Raw data Start Marker

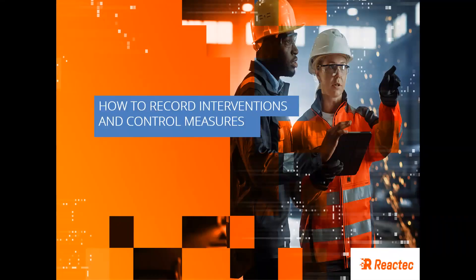This video will cover how to create control measures and interventions and also how to add interventions e-signatures within the Reactec Analytics Platform.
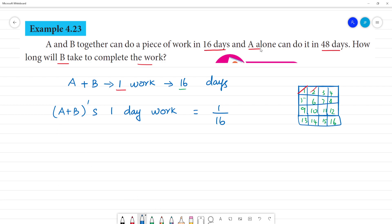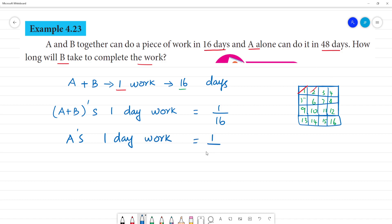A and B together — A alone can do it. A's one day work is 1 by 48 days. This is work and this is days. So 1 by 48.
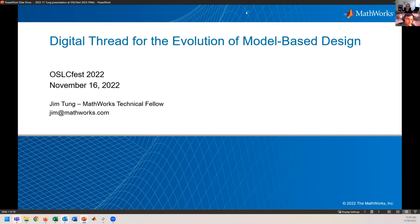Our next speaker is Juan Quintanar. He is the main developer of Coatl, an OSLC API generation framework, and he works at Connexus. We can see you Juan, and we can hear you.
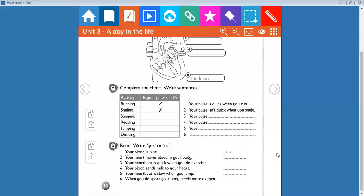The last exercise on this page, write yes or no. Your blood is blue? Of course no. Your heart moves blood in your body? Yes, of course. Your heart speed is quick when you do exercise? Yes, of course. When you do exercise means when you do a sport, when you run, when you jump.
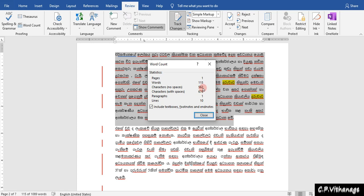Then you can go to the size and link the size. The size is called the size. So let's see how our size is now.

Raw data End Marker

**What you have to do:** Return all of the lines above without alteration, minus the pictures.

**Your solution:**
This video will cover how to create control measures and interventions and also how to add interventions e-signatures within the Reactec Analytics Platform.
A and B together — A alone can do it. A's one day work is 1 by 48 days. This is work and this is days. So 1 by 48.
Our next speaker is Juan Quintanar. He is the main developer of Coatl, an OSLC API generation framework, and he works at Connexus. We can see you Juan, and we can hear you.
The last exercise on this page, write yes or no. Your blood is blue? Of course no. Your heart moves blood in your body? Yes, of course. Your heart speed is quick when you do exercise? Yes, of course. When you do exercise means when you do a sport, when you run, when you jump.
Then you can go to the size and link the size. The size is called the size. So let's see how our size is now.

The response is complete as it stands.